# PROBLEM DESCRIPTION:
From the listing below, reproduce exactly the lines starting with the one with "食べ比べも愉しめる2合パックのオリジナルパッケージ米" and going on through the one with "-星巴克臻选(南京艾尚天地店)", both ends kept. No picture is copied.

# DATA:
**********

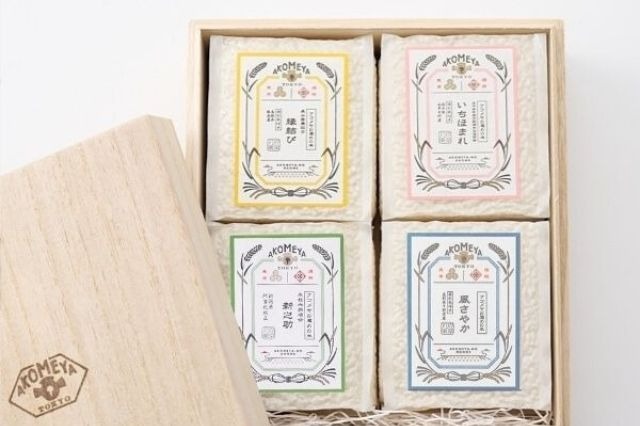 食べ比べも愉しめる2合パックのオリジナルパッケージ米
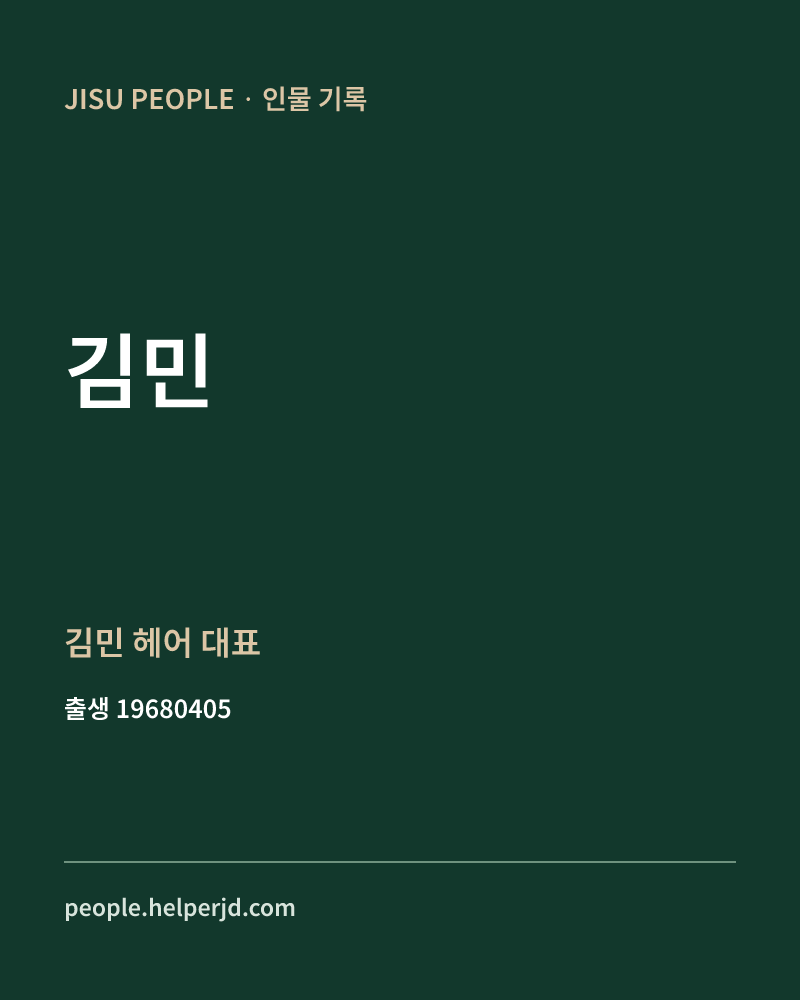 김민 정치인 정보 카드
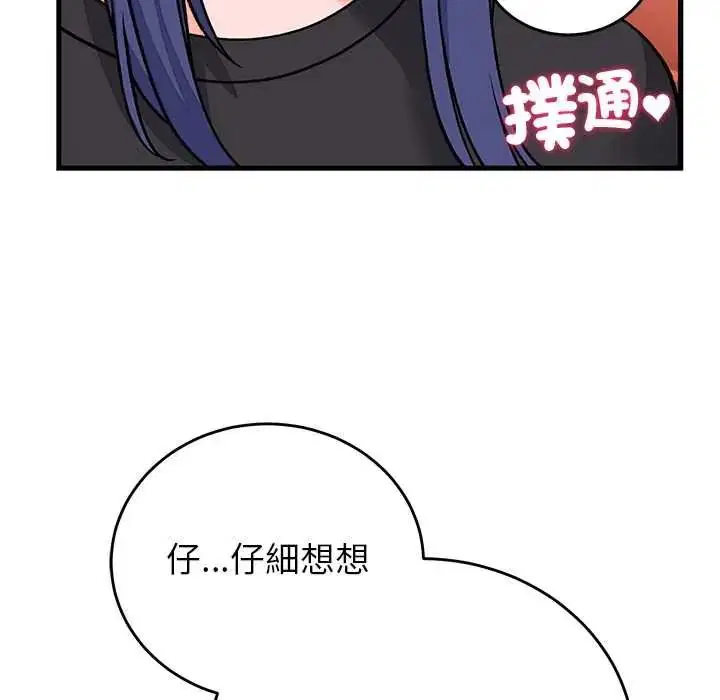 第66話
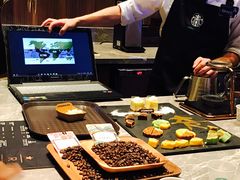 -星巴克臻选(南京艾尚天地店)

**********

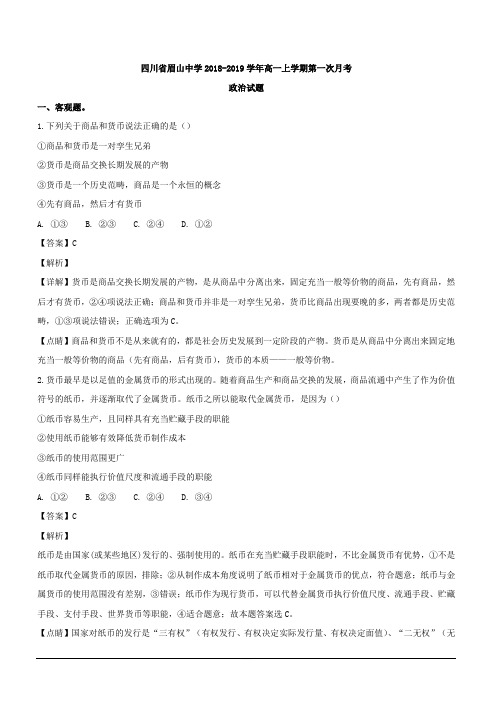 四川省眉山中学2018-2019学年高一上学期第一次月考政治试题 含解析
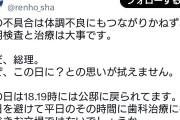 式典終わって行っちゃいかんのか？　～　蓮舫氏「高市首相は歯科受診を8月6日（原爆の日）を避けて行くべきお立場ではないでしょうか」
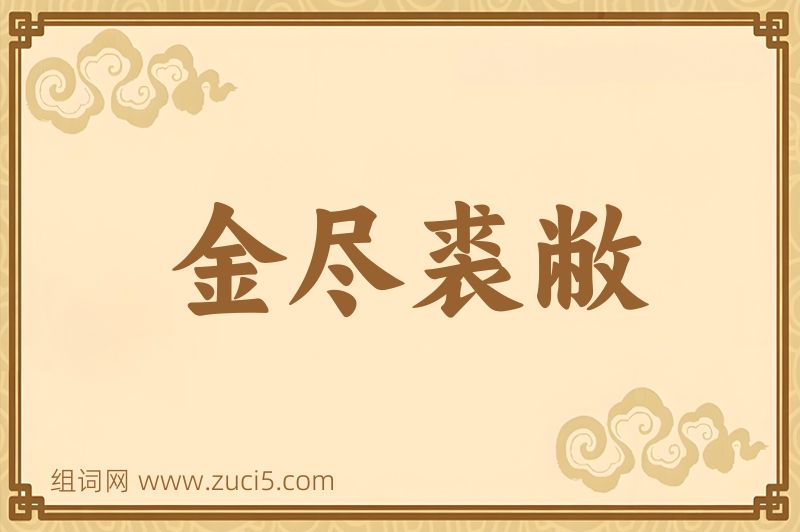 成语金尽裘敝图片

**********

# RESULT OF THE TASK:
 食べ比べも愉しめる2合パックのオリジナルパッケージ米
 김민 정치인 정보 카드
 第66話
 -星巴克臻选(南京艾尚天地店)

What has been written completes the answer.